Caption-style text data
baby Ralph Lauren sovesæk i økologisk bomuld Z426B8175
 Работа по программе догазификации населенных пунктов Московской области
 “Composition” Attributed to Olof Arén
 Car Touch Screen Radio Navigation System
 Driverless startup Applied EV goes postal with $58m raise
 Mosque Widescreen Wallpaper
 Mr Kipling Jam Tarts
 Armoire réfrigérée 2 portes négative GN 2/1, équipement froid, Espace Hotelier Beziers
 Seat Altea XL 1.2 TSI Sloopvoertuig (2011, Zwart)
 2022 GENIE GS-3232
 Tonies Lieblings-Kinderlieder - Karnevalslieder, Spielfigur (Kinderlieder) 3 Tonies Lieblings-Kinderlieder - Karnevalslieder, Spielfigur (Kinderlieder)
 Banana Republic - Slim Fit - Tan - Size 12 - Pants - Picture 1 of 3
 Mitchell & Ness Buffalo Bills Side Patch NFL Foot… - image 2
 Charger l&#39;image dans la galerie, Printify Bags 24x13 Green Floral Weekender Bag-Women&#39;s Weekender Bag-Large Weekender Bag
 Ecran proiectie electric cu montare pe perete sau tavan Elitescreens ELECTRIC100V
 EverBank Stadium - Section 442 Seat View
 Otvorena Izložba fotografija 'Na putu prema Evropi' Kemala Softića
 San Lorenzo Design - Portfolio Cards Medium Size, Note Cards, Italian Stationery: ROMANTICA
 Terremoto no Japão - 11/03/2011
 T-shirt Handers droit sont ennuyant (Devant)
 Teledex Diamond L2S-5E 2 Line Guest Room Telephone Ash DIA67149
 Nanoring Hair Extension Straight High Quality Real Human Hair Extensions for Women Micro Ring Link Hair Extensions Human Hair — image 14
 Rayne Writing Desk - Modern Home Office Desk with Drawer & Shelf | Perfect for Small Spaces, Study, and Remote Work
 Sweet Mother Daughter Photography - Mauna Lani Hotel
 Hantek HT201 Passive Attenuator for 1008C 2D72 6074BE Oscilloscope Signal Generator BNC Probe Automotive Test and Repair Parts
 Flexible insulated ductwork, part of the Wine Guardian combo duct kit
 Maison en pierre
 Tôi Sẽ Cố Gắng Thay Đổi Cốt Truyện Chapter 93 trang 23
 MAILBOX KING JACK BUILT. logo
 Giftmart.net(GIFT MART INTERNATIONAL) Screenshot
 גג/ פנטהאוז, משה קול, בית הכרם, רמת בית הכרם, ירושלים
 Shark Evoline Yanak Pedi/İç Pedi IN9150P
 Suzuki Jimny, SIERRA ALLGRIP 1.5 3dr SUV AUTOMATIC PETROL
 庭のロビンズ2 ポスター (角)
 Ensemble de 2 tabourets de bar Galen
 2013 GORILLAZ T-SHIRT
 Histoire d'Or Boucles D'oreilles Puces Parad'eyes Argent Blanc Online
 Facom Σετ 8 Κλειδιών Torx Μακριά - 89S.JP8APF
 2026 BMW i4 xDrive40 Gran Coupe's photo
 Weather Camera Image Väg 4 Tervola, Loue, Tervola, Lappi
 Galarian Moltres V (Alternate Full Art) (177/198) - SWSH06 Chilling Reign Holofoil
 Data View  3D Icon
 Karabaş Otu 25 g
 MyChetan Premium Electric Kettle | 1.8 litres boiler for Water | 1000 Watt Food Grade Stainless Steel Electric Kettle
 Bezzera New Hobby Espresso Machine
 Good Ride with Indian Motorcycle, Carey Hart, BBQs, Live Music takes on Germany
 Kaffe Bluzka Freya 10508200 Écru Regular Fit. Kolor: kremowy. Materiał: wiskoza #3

> Exercise goal
Take the line containing "Histoire d'Or Boucles" as the first line and the last line of the data above as the final one. Write out these lines and all between them exactly.

> Answer below
 Histoire d'Or Boucles D'oreilles Puces Parad'eyes Argent Blanc Online
 Facom Σετ 8 Κλειδιών Torx Μακριά - 89S.JP8APF
 2026 BMW i4 xDrive40 Gran Coupe's photo
 Weather Camera Image Väg 4 Tervola, Loue, Tervola, Lappi
 Galarian Moltres V (Alternate Full Art) (177/198) - SWSH06 Chilling Reign Holofoil
 Data View  3D Icon
 Karabaş Otu 25 g
 MyChetan Premium Electric Kettle | 1.8 litres boiler for Water | 1000 Watt Food Grade Stainless Steel Electric Kettle
 Bezzera New Hobby Espresso Machine
 Good Ride with Indian Motorcycle, Carey Hart, BBQs, Live Music takes on Germany
 Kaffe Bluzka Freya 10508200 Écru Regular Fit. Kolor: kremowy. Materiał: wiskoza #3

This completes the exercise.